→ **What this task involves**
Please write out all of the data below exactly, without including the pictures.

→ **Supplied material**
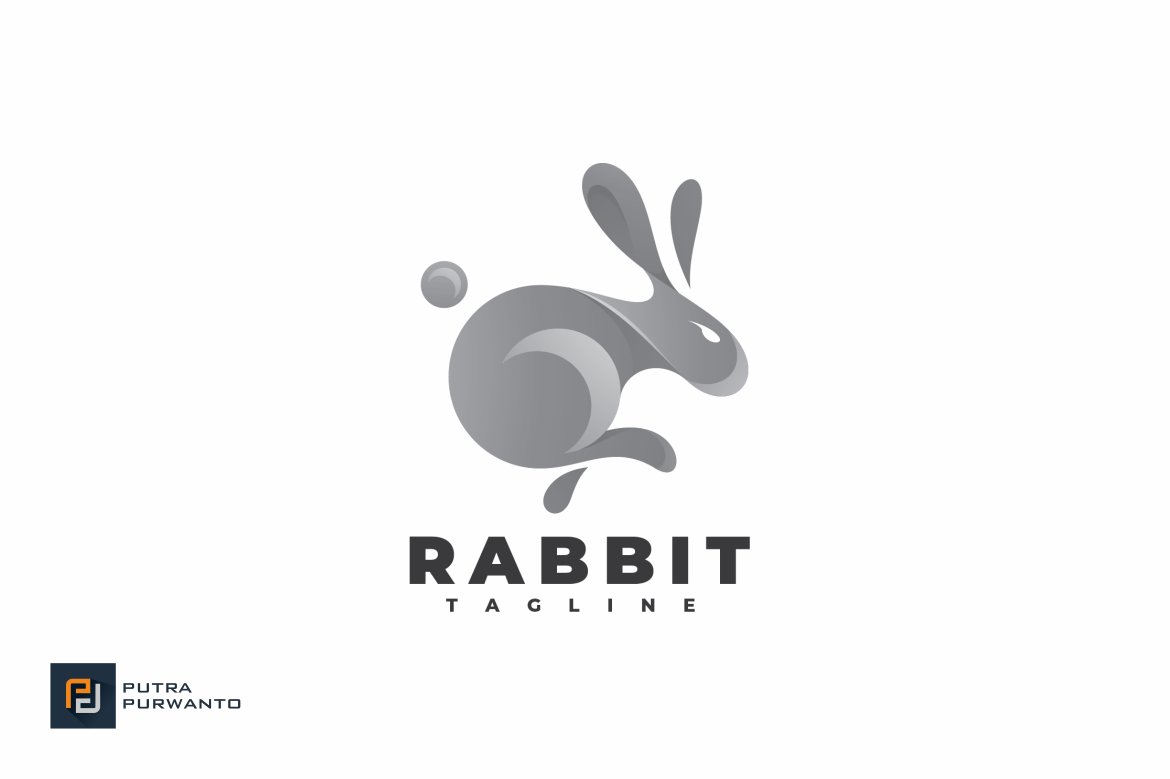 Rabbit - Logo Template preview image.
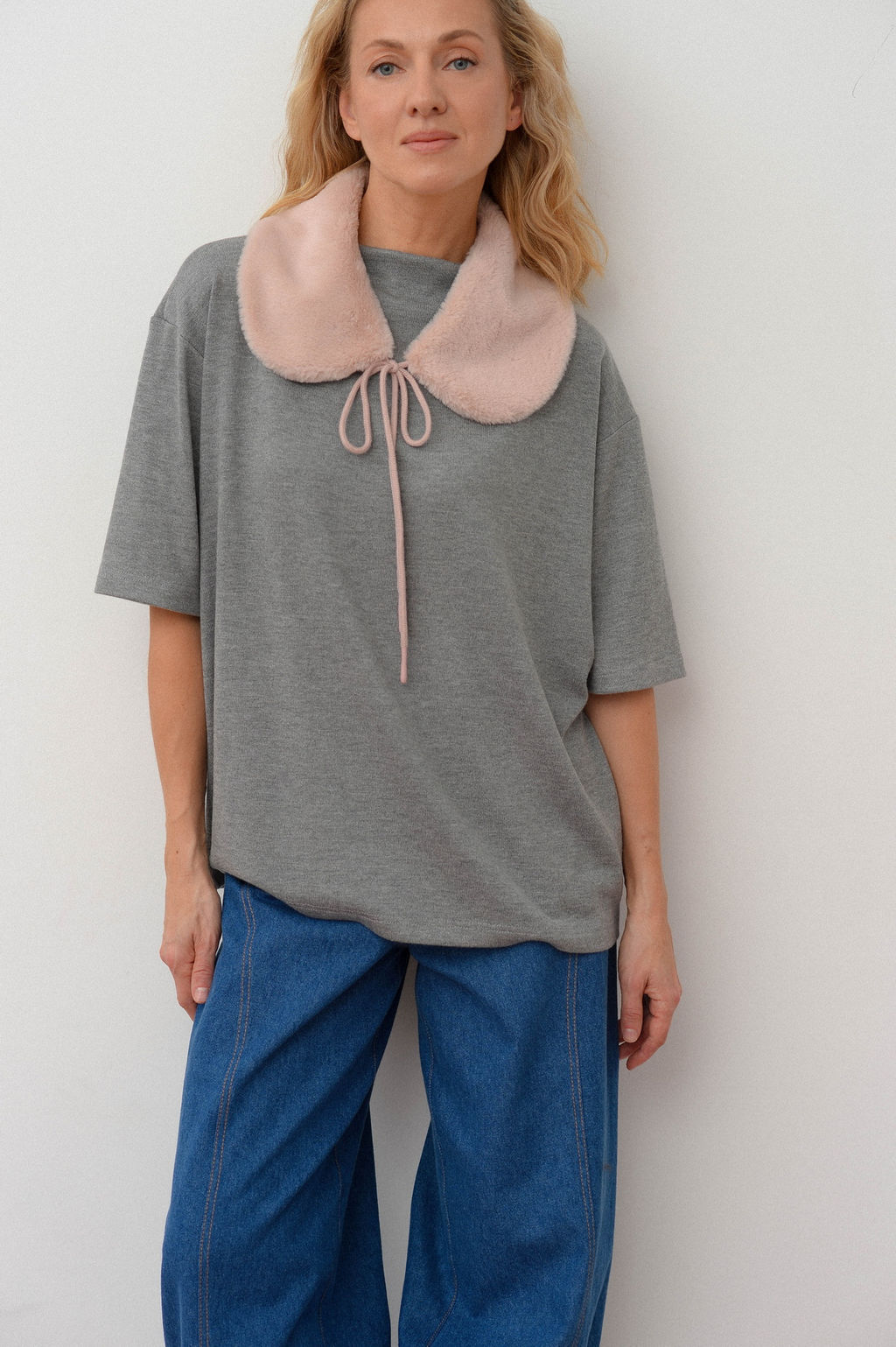 Воротник из итальянского экомеха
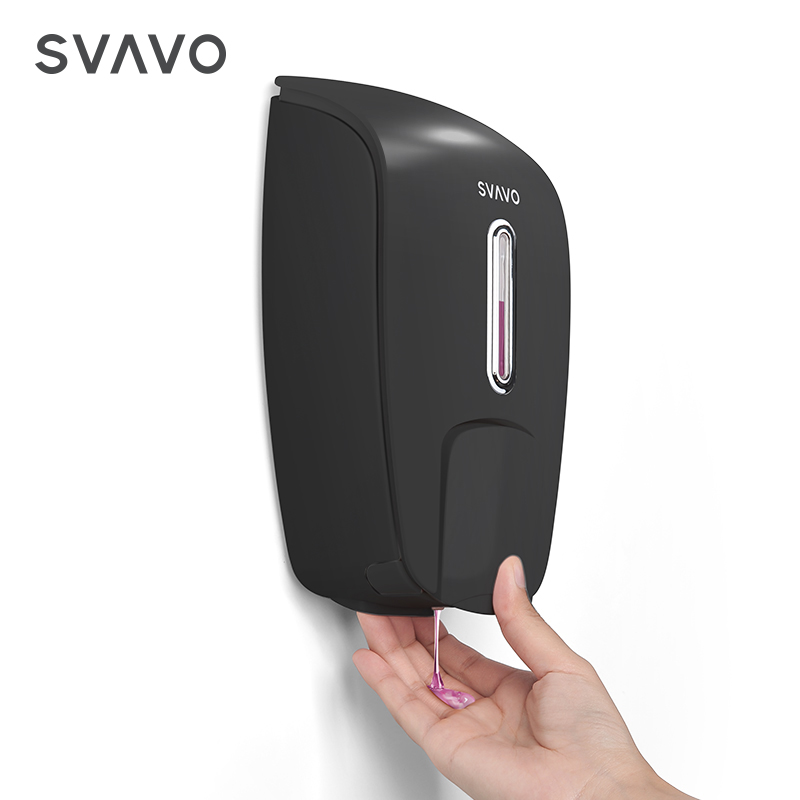 2022 Fashion Hot plastic material wall mounted manual soap dispenser for kitchen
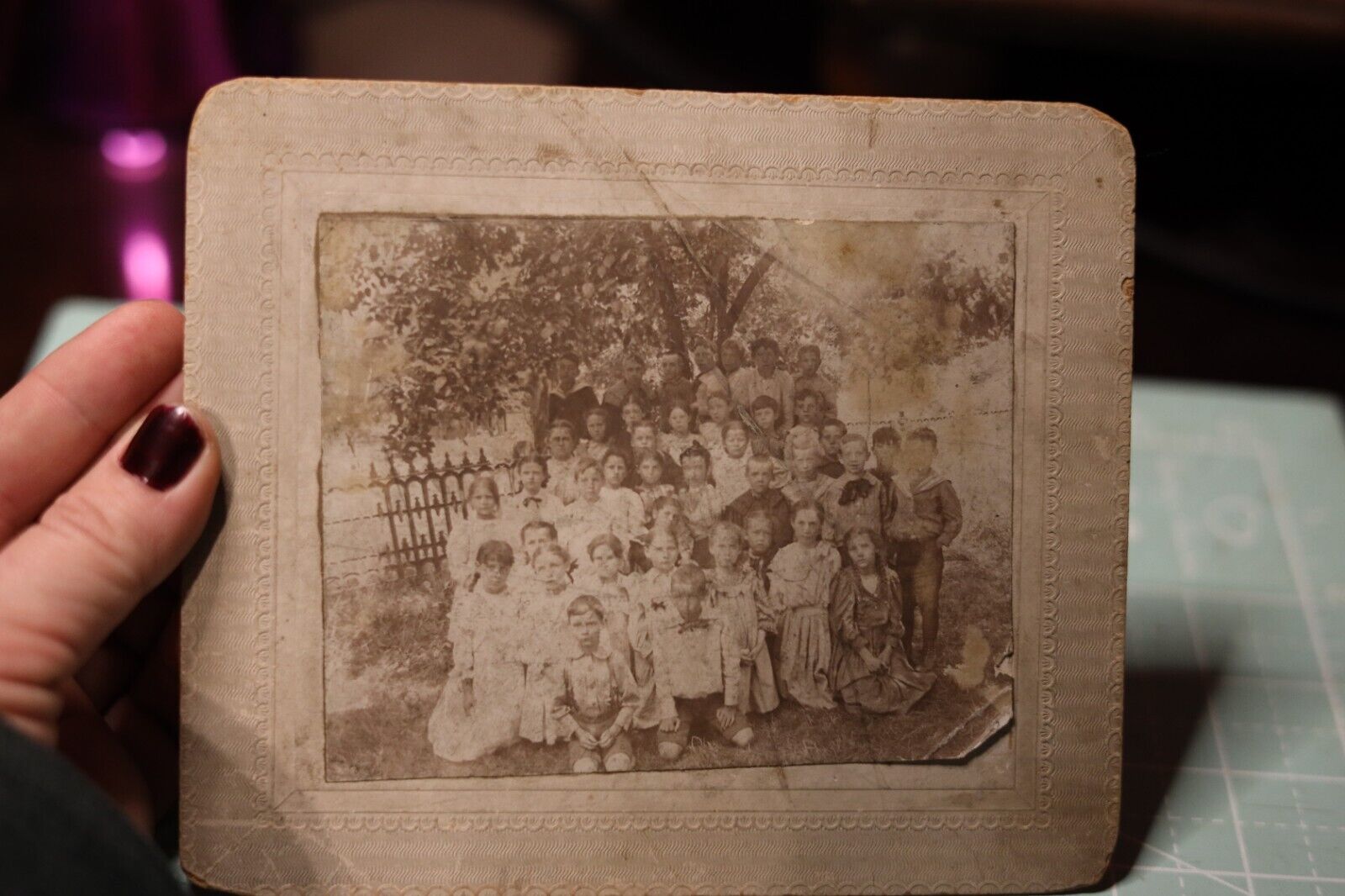 Photograph of  Students at a Schoolhouse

→ **Output of the task**
 Rabbit - Logo Template preview image.
 Воротник из итальянского экомеха
 2022 Fashion Hot plastic material wall mounted manual soap dispenser for kitchen
 Photograph of  Students at a Schoolhouse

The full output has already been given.